2010-12-28 Thread Michael Bayer

On Dec 28, 2010, at 8:33 PM, Philip Jenvey wrote:

> 
> On Dec 28, 2010, at 11:54 AM, Michael Bayer wrote:
> 
>> 
>> On Dec 28, 2010, at 2:22 AM, Wichert Akkerman wrote:
>> 
>>> On 2010-12-28 08:18, Hong Minhee wrote:
 I don’t know why setuptools provides pkg_resources, implements another
 incompatible way to declare namespace packages, additionally in spite of
 existence of pkgutil.extend_path, the standard way to do it. IMO
 sqlalchemy.contrib namespace have to be declared by using
 pkgutil.extend_path, because it is a part of Python standard library so
 it don’t force users to install setuptools.
>>> 
>>> The vast majority of packages using namespaces that I have seen support 
>>> both with this snippet:
>>> 
>>> try:
>>>  __import__('pkg_resources').declare_namespace(__name__)
>>> except ImportError:
>>>  from pkgutil import extend_path
>>>  __path__ = extend_path(__path__, __name__)
>>> 
>>> 
>>> I would suggest that SQLAlchemy does the same thing.
>> 
>> what are some of these packages ?   Can I see some examples so I can get a 
>> feel for how this is used and what naming schemes are common ?
> 
> Paste/Script/Deploy and the repoze projects come to mind.
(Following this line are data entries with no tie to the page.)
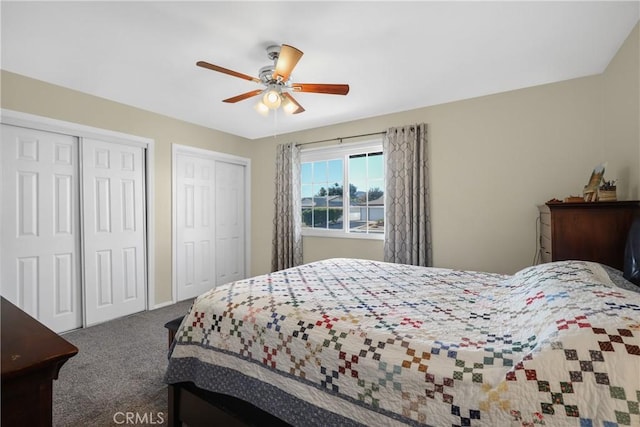 bedroom featuring carpet flooring, ceiling fan, and two closets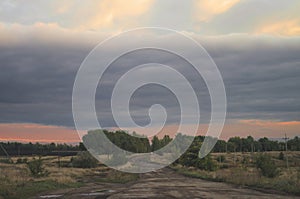 Evening country dirt road fork. Bad roads in the rural hinterland. Rustic Cloudy Sunset Landscape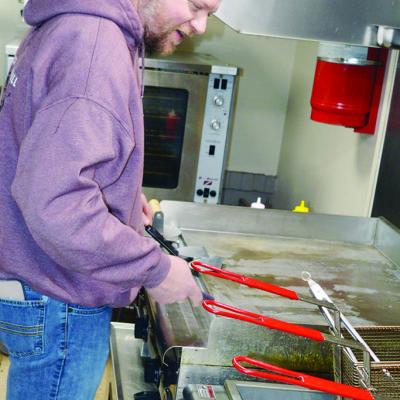 Split Decision and Grill co-owner Clint Lively prepares to cook for lunch one day at the restaurant. CDN | Michael Maresh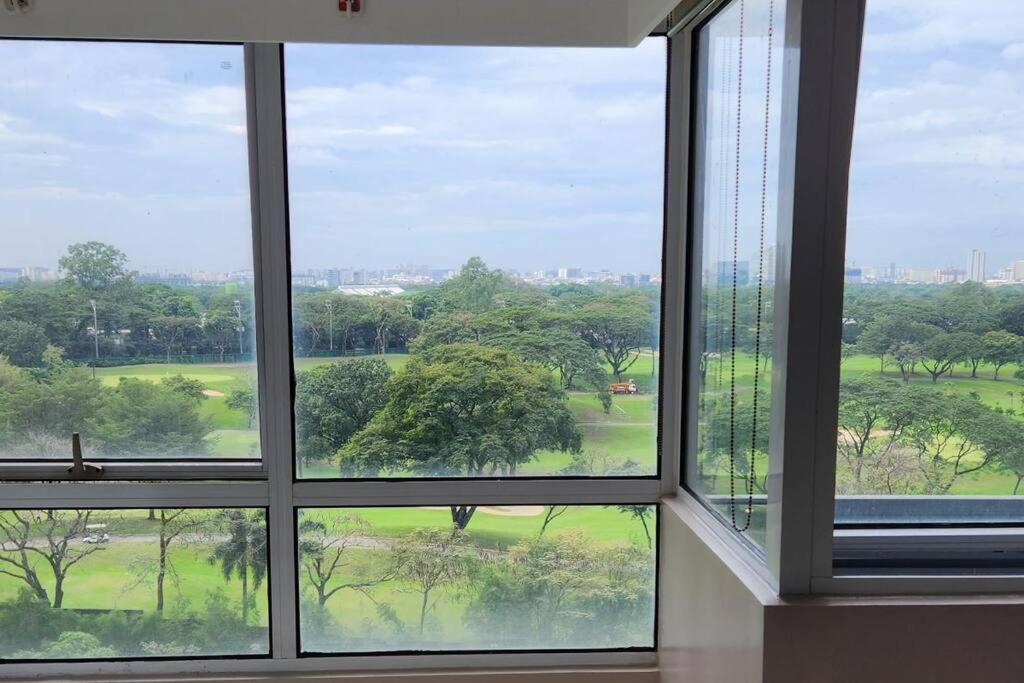 a room with four windows looking out at a park at Enjoy BGC Sunset and Golf Course View 2 BR Loft with 100mbps Internet Connection in Manila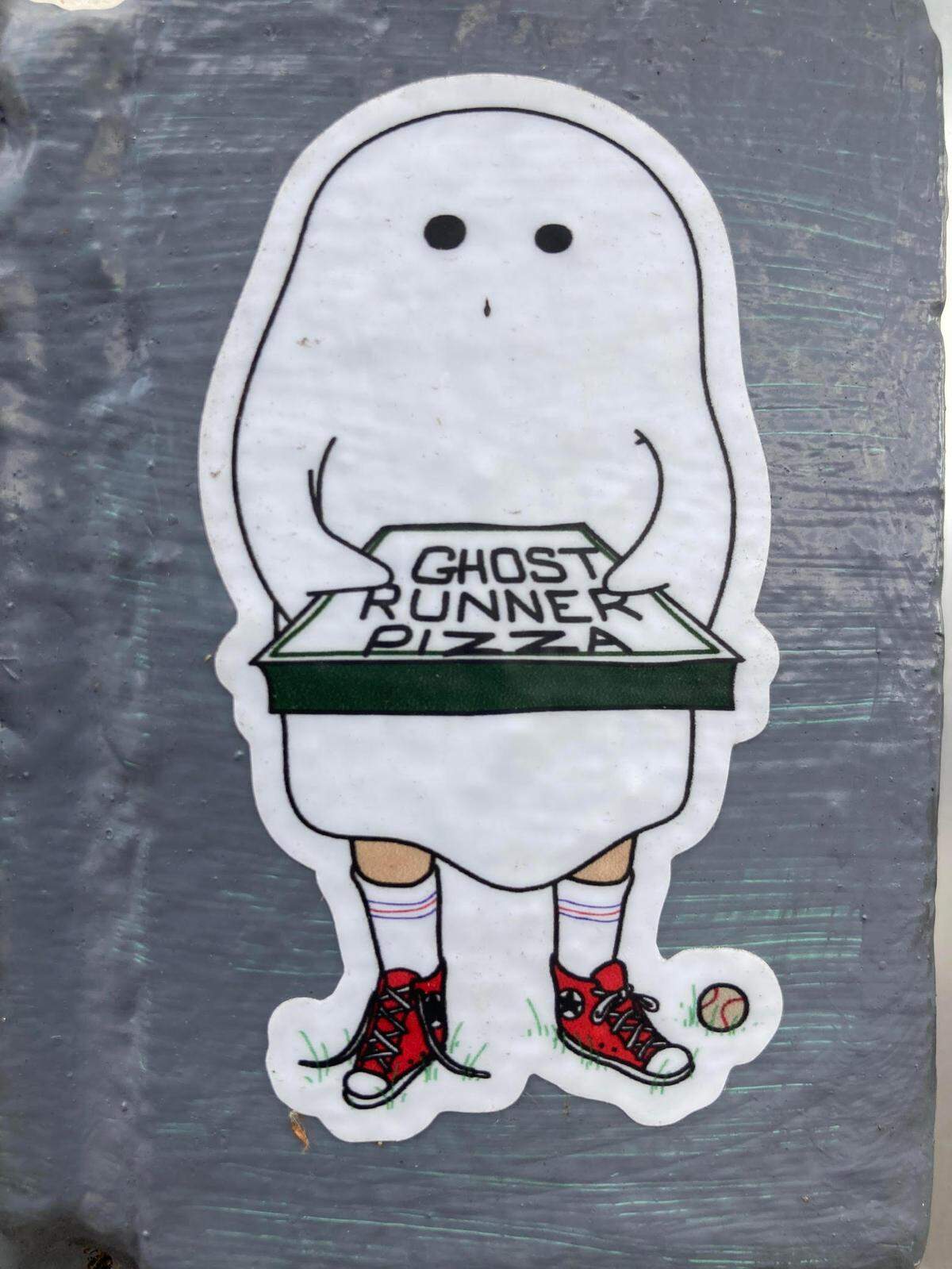 Ghost Runner Pizza is coming to 742 Main St. in downtown Perry. If you’re walking by the future home of the new pizza restaurant, look closely and you’ll find a small logo sticker stuck to the front of the building. This is a photo of it.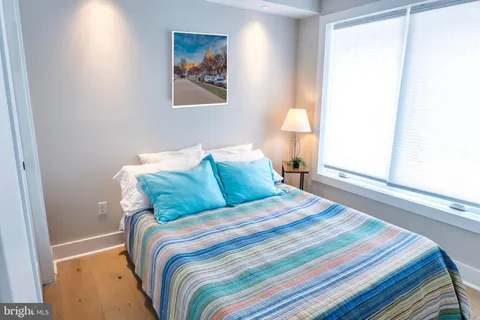 a bathroom with a sink toilet vanity and bathtub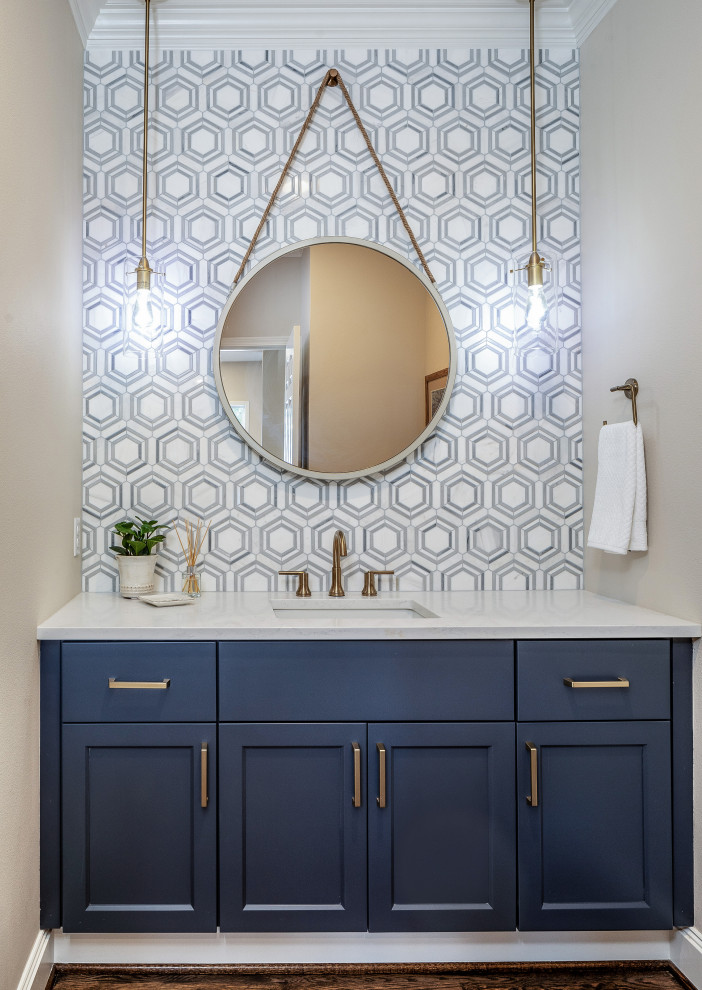Photo of a small beach style powder room in Seattle with shaker cabinets, blue cabinets, white tile, marble, grey walls, medium hardwood floors, an undermount sink, engineered quartz benchtops, brown floor and white benchtops.
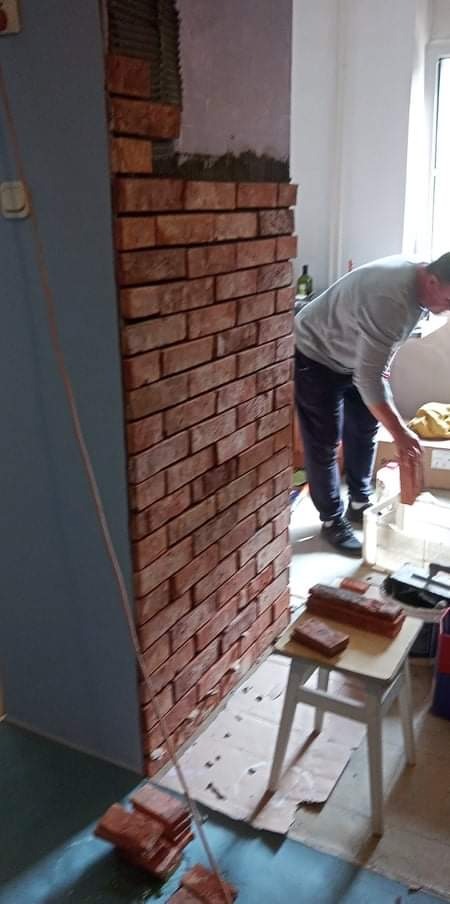 Montaż cegieł dekoracyjnych na ścianie w pomieszczeniu, widoczny fragment ściany z ułożonymi cegłami, pracownik w trakcie układania, biały taboret z cegłami obok.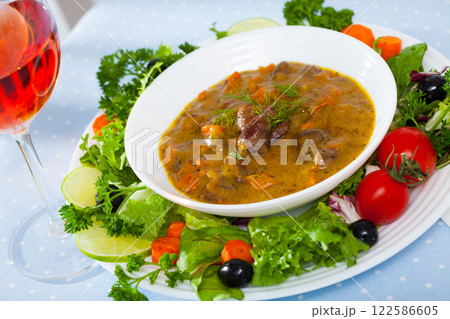 Delicious chicken hearts stew Delicious chicken hearts stew 122586605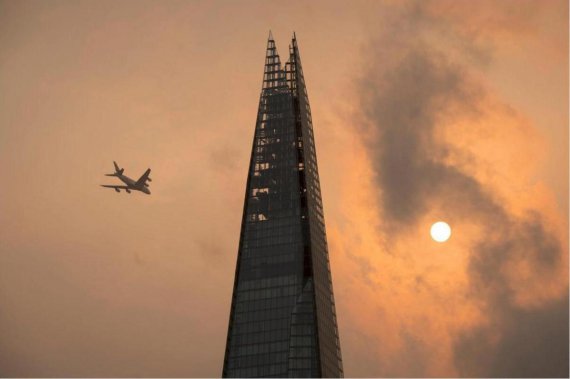 Самолет на фоне неба необычного оранжевого цвета, вызванного ураганом. Лондон.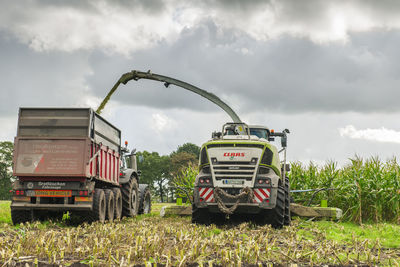 Tractor on agricultural field against sky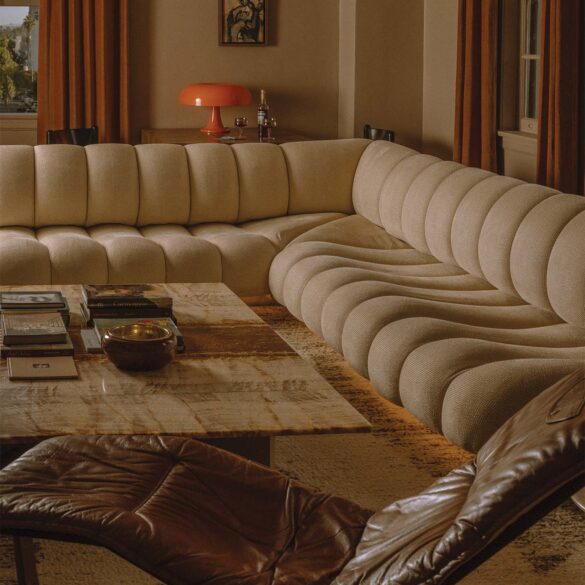A cozy living room with a beige, curved sectional sofa, a stone coffee table, and a brown leather lounger. Warm brown curtains cover the windows, and a red, retro-style lamp sits on a side table against the wall. The California design elements add laid-back elegance to the neutral-toned room.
Here's some others:
> 
> http://www.google.com/codesearch?hl=en&lr=&q=file%3A__init__%5C.py%24+pkg_resources+pkgutil&sbtn=Search

Here's what I see in all of those - its in the root package, not a ".contrib".  
 That seems a little curious ?Our root package has a lot of names pulled in 
already so I don't suppose we can/should really go that route.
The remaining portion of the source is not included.